Très concrètement, l’initiative revendique le respect par les multinationales des droits humains internationalement reconnus, tels qu’ils sont définis par les Principes directeurs des Nations Unies (Principe 12) et de l’OCDE (§39). Ceux-ci se réfèrent de manière non exhaustive à la Charte internationale des droits de l’homme.

Le respect des droits humains s’applique non seulement dans la relation entre l’État et les particuliers, mais également entre particuliers. A l’heure actuelle, ce principe est largement accepté et la Constitution suisse y fait également référence. Lorsqu’une entreprise, du point de vue juridique, a une responsabilité de respecter les droits humains, elle doit s’abstenir d’entraver les libertés de tiers, comme notamment les garanties qui protègent la vie et l’intégrité corporelle. L’entreprise ne doit causer aucun dommage à ces biens juridiquement protégés et l’État doit prévoir une forme de réparation en cas d’atteinte à ces biens. Ce devoir se concrétise notamment par le droit de la responsabilité délictuelle.

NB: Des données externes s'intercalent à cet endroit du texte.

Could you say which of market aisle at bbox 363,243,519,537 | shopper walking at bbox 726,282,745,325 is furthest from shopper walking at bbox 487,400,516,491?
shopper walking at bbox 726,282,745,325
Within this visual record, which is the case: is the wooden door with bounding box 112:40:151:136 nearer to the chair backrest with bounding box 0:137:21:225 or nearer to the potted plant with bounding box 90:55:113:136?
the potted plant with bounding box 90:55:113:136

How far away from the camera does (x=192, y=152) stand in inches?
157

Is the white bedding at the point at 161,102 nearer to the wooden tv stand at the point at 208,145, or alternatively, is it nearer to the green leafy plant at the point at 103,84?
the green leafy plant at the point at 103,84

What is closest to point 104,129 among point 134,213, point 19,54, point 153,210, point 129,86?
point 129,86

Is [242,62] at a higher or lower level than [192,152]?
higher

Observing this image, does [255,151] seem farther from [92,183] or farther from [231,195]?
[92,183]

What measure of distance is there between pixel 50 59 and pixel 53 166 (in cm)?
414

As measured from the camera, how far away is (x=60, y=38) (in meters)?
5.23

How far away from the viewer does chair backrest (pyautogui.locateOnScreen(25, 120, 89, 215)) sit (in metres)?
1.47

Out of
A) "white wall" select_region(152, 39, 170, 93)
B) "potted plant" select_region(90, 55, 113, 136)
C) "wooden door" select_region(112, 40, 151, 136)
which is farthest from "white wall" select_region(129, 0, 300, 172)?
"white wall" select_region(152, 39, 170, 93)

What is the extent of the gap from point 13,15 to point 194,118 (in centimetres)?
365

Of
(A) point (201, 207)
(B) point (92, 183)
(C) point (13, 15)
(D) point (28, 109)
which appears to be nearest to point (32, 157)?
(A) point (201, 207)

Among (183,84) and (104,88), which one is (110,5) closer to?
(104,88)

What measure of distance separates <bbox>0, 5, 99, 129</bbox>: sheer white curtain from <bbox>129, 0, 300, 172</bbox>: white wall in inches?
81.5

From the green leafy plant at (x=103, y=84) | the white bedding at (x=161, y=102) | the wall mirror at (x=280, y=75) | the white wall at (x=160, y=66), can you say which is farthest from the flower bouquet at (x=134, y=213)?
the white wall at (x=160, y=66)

Ainsi, une entreprise agit de manière illicite lorsqu’elle viole des biens juridiques protégés de tiers et notamment la vie, l’intégrité corporelle, la personnalité, ou la propriété.

Dans la pratique, les entreprises privées peuvent ainsi potentiellement porter atteinte à tous les droits humains que ce soient ceux du pacte ONU I ou II. Les droits économiques et sociaux, tels le droit à la santé, le droit à des conditions de travail qui assurent la sécurité et l’hygiène ou le droit à l’eau, par exemple, protègent les mêmes catégories de biens juridiques comme l’intégrité corporelle ou la vie. Le législateur et les autorités chargées de l’application de la loi en Suisse devront donc transposer ces garanties de manière équitable et coordonnée dans les domaines du droit concerné. [14]

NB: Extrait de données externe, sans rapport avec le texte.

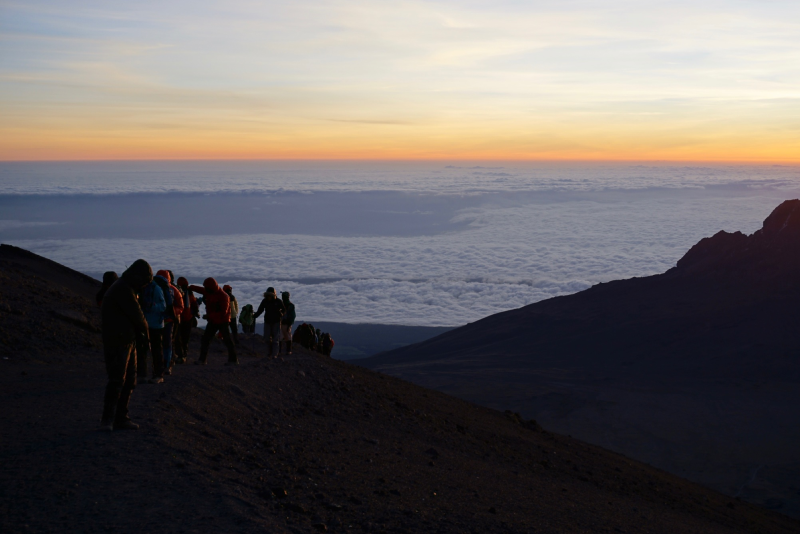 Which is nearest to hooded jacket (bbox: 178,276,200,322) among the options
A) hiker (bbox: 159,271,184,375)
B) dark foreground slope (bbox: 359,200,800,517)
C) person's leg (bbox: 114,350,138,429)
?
hiker (bbox: 159,271,184,375)

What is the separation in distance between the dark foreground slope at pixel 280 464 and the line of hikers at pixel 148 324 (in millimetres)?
304

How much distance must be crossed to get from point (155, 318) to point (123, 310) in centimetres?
221

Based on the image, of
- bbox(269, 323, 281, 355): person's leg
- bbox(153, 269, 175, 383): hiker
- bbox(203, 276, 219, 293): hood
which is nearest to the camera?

Soutien d’entreprises suisses

La campagne menée à large échelle par les ONG depuis 2011 a connu plusieurs succès : des entreprises importantes comme la Migros, IKEA Suisse ou le Groupement des entreprises multinationales reconnaissent la nécessité de légiférer et soutiennent l’élaboration d’un contre-projet. En 2018, la majorité du Conseil national a elle aussi accepté le principe de normes contraignantes pour les entreprises [15]. Reste à déterminer quelles normes, et les moyens de les faire respecter. C’est là que se niche le désaccord : faut-il prévoir un mécanisme de sanction pour les entreprises suisses dont les filiales commettent de graves violations dans les pays du Sud ?

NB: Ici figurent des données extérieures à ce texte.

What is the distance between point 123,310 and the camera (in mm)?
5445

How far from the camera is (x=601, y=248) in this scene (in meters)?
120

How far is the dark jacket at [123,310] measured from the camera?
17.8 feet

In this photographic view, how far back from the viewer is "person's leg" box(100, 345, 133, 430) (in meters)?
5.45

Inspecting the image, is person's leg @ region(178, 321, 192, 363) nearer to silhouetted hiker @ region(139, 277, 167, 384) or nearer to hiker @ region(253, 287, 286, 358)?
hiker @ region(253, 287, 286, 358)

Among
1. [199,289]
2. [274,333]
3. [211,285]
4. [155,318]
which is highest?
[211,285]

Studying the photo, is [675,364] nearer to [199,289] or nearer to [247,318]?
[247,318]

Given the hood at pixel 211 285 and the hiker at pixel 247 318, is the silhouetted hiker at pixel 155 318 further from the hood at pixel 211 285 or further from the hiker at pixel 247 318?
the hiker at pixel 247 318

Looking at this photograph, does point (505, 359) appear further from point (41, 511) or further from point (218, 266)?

L’initiative vise un effet préventif : les entreprises seront obligées de prendre des mesures pour s’assurer que leurs activités ne violent pas les droits humains et respectent l’environnement. Les firmes qui se comportent de manière exemplaire n’ont donc rien à craindre de cette obligation légale. Les autres s’exposeraient à des plaintes. Jamais les Suisses n’accepteraient que des multinationales violent les droits des travailleurs dans notre pays ou polluent nos rivières, alors pourquoi faudrait-il tolérer que leurs filiales le fassent loin de chez nous ? Les débats parlementaires de ces prochains mois seront déterminants. Sans un contre-projet valable, les initiants ne retireront pas leur texte, et ce sera donc à la population suisse de dire si elle veut contraindre ou non les multinationales qui ont leur siège dans notre pays à respecter les droits fondamentaux et l’environnement.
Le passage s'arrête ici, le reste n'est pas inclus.